Low fidelity concept iteration leveraging storyboards

Through this exercise I defined some key principles to guide the design decisions:

  1. Provide data entry flexibility. Don’t restrict users to a single path for data entry, but allow UI and bulk data upload parity. Both should be easy and fast to do.
  2. Automate as much as possible. Move away from manual associations and setup, and look for ways of automating tasks based on rules or patterns, and provide opportunities for verification.
  3. Provide guidance when needed: Help users navigate through the workflow end-to-end, but stay out of the way when it is not needed.
  4. Use recognizable data formats: Instead of requiring the creation many different file formats to upload data (like XML or JSON files), focus on formats that users are comfortable using (like Excel).

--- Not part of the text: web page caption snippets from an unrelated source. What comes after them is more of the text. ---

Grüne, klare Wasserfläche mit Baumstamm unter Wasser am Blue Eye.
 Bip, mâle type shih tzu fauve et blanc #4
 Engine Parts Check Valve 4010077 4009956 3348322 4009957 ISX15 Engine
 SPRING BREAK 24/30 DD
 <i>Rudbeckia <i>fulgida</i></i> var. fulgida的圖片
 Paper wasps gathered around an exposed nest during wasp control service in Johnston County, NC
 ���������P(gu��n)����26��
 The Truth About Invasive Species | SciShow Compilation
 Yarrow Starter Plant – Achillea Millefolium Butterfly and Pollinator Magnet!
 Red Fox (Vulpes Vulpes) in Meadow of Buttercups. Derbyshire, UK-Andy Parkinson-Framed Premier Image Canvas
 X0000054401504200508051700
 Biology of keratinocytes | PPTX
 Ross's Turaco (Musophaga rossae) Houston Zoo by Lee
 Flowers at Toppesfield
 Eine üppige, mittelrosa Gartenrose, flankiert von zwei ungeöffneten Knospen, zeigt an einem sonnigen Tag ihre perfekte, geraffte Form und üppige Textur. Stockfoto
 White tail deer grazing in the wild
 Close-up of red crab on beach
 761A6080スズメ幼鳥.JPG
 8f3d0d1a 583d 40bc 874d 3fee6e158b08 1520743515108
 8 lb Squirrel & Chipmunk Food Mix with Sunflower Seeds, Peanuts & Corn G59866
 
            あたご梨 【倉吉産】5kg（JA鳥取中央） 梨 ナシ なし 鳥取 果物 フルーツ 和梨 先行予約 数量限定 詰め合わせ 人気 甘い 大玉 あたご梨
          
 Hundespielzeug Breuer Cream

The short term design concepts that emerged following these principles included quick fixes that would reduce the steps needed to complete the work. For example, to create an object in the application, the user had to fill out a basic form, navigate to the object and open each property to modify the value. This meant a lot of waiting for page loads and navigating back and forth. So I identified the key fields that were needed 90% of the time and surfaced these in the initial creation form. A simple change that reduced creation time of the object dramatically.

By surfacing fields that were used 90% of the time the the time on task decreased dramatically
Sample workflow improvement gained from a small form redesign

Medium term concepts included guided workflows for single items as well as bulk, and consolidation of the setup process into a single view (instead of requiring multiple jumps in the application).

Sample explorations for data entry

The long term concepts required a complete reimagining of our data structures and the conceptual model by which users defined data relationships. In the current workflow users had to recreate data that existed outside of our application, which created a challenge to maintain accuracy. As part of the redesign I explored ways of allowing users to make direct associations between data outside our system, and automatically creating the data structures needed in the back-end.

Associating data directly from external sources

Because this involved at big conceptual changes in the application, I held sessions with users to validate the storyboards and get their inputs on the general direction. The feedback on the direction was mixed. We got positive responses to the workflow improvements, but several users were confused with the terminology and new concepts. This insight helped drive a simplification of what gets exposed to the user and hide all the “plumbing” specific to how we make the back-end work. I then fleshed higher fidelity mockups of the long term vision.

Defining the roadmap

Throughout the project I partnered with Product Management to define a phased approach to delivering the vision experience. This was based on available resources and sequential order of solve. I fleshed out how the user experience would change on each phase and identified expected time-on-task gains per phase.

To help align the teams internally on scope and determine the work they would need to do, I created a storyboard for each phase. This was key to illustrate in a concise way how the experience evolved with each phase, before drilling into the specific details. This also helped maintain a target view of resources and time needed to complete this work.

Sample of workflow evolution and time reduction at different milestones in the project

My takeaways

When dealing with a lot of stakeholders, level setting is key to having more productive discussions. I found the use of storyboards and flow diagrams to help teams understand the current state and customer pain points was an effective way to generate empathy for the users a. This got them interested in learning more, at which time they were ready to consume a more in-depth research report I had prepared.

In large projects like this, coming up with a design solution that will solve the problem is the easiest part. The hardest part is getting teams and leadership to understand why it is a problem and the value of solving it for the success of the organization. This requires a lot of communication, coordination and aligning priorities (and budgets) to plan out the execution.